Franked investment income (FII) | Practical Law

Franked investment income (FII)

Franked investment income (FII)

Practical Law UK Glossary 0-107-5792 (Approx. 3 pages)

Glossary

Franked investment income (FII)

Before 6 April 1999, if two UK resident companies were not part of the same group and one made a distribution to the other, the payer would usually have to account to HMRC for advance corporation tax (ACT). However, the recipient company did not have to pay corporation tax on the distribution, which, in its hands, was called franked investment income (FII). A company in receipt of FII could use that to frank the ACT liability that would otherwise arise on distributions made to its own shareholders (within certain limits).
Special rules applied to foreign income dividends and international headquarters companies.
From 6 April 1999, ACT ceased to be payable in respect of qualifying dividends. Even so, the concept of FII continued and a shadow ACT regime was introduced to provide companies with unrelieved surplus ACT with a means of setting off the surplus ACT against corporation tax.
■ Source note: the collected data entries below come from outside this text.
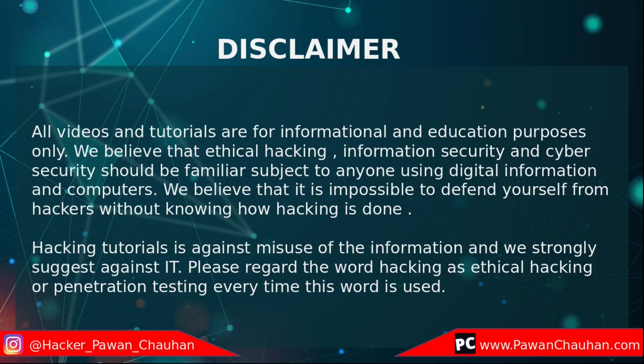Hi everyone, this is video number 8 of our ethical hacking using Kali Linux video series. In this video today we will talk about how to become anonymous all over the internet.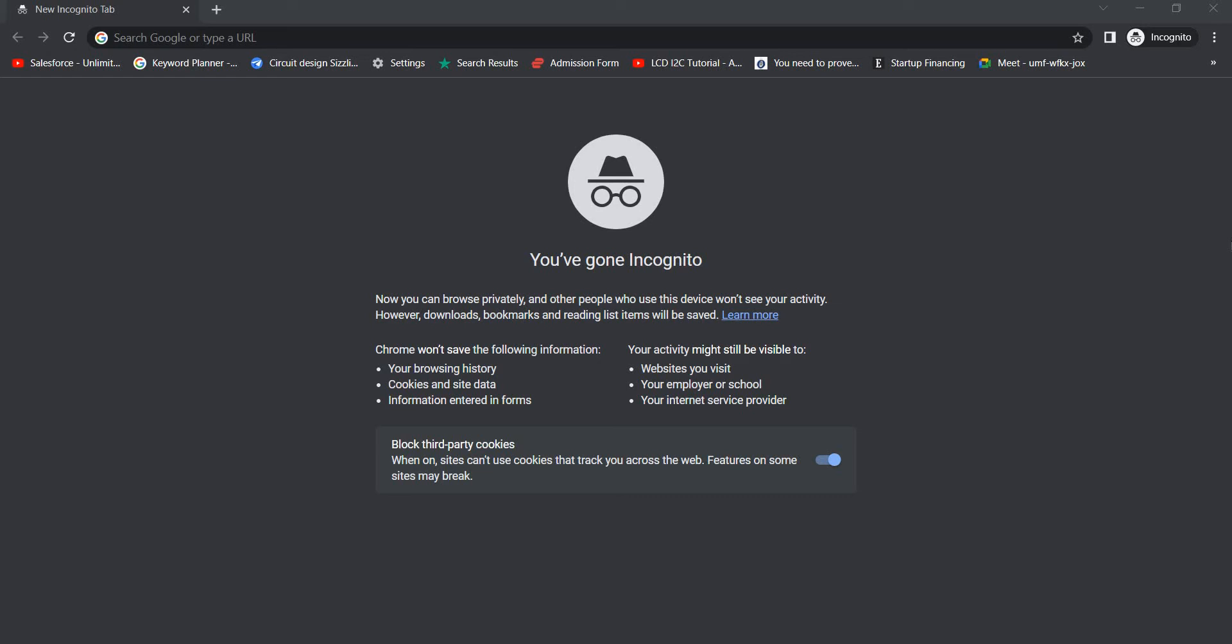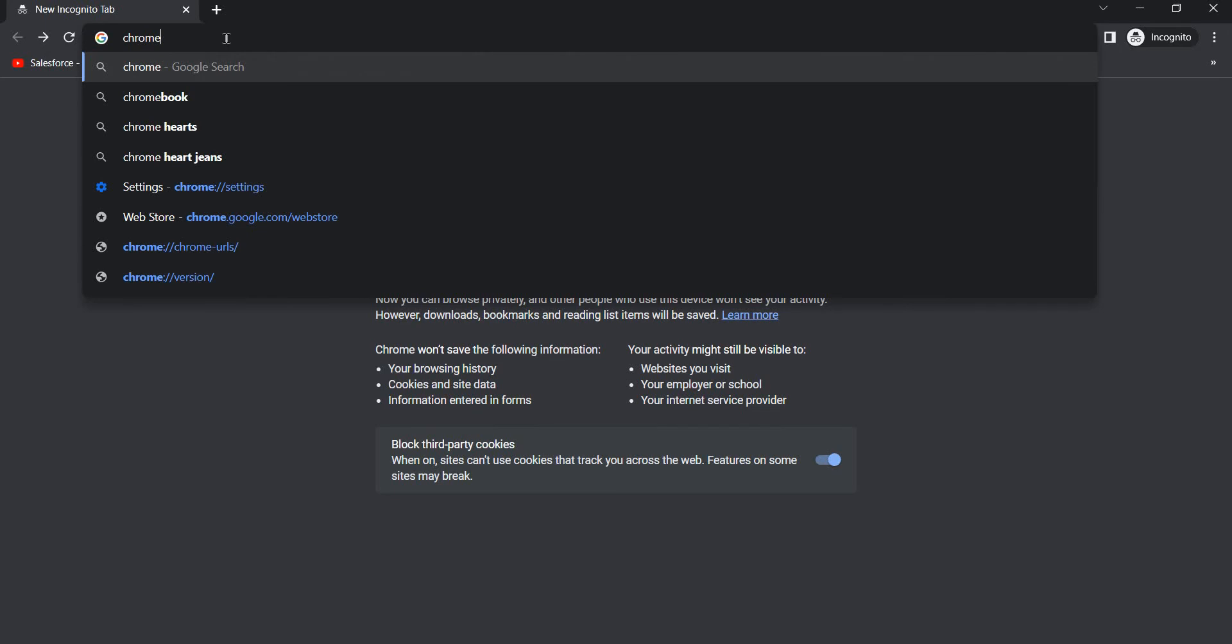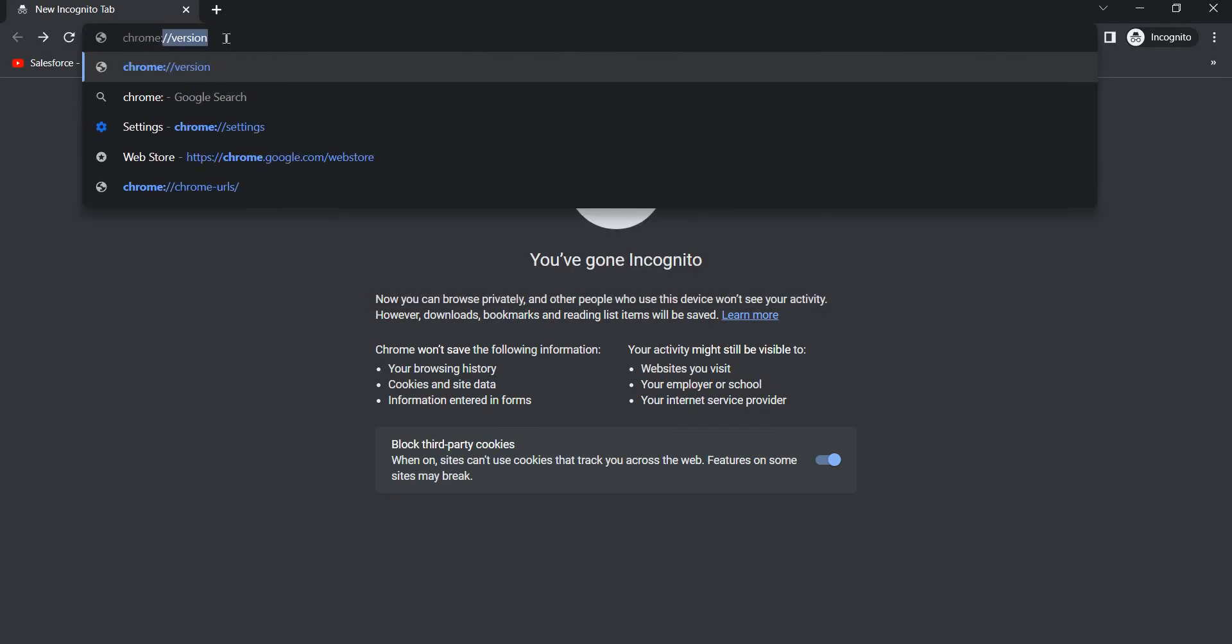So before we begin, please make sure to subscribe to the channel and hit the like button. The first thing you're going to do is go to the search bar and write chrome colon slash slash, and then you're going to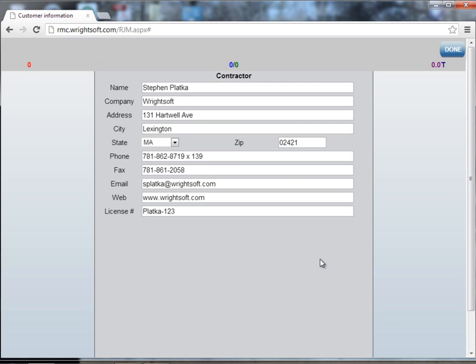The purpose of this is to enter in your information once and only once. That way with every new project that you start, you never have to enter in your information again. Once you've finished typing in all the information, select the done button.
In determining the amount of surplus ACT that a company could set off, shadow ACT (that is, notional ACT) was first required to be notionally set against corporation tax before any surplus ACT could be used. For more detail on shadow ACT, see Practice note, Shadow ACT.
At the same time as the Finance Act 2016 changed the taxation of dividend income for individual recipients with the withdrawal of the tax credit attaching to dividends, the concept of FII was removed from the Corporation Tax Acts. As FII is an essential element in computing the amount of unrelieved surplus ACT a company may use under the shadow ACT regime, the shadow ACT regime created the concept of "qualifying investment income", which performs the same role within the shadow ACT regime as that previously performed by FII.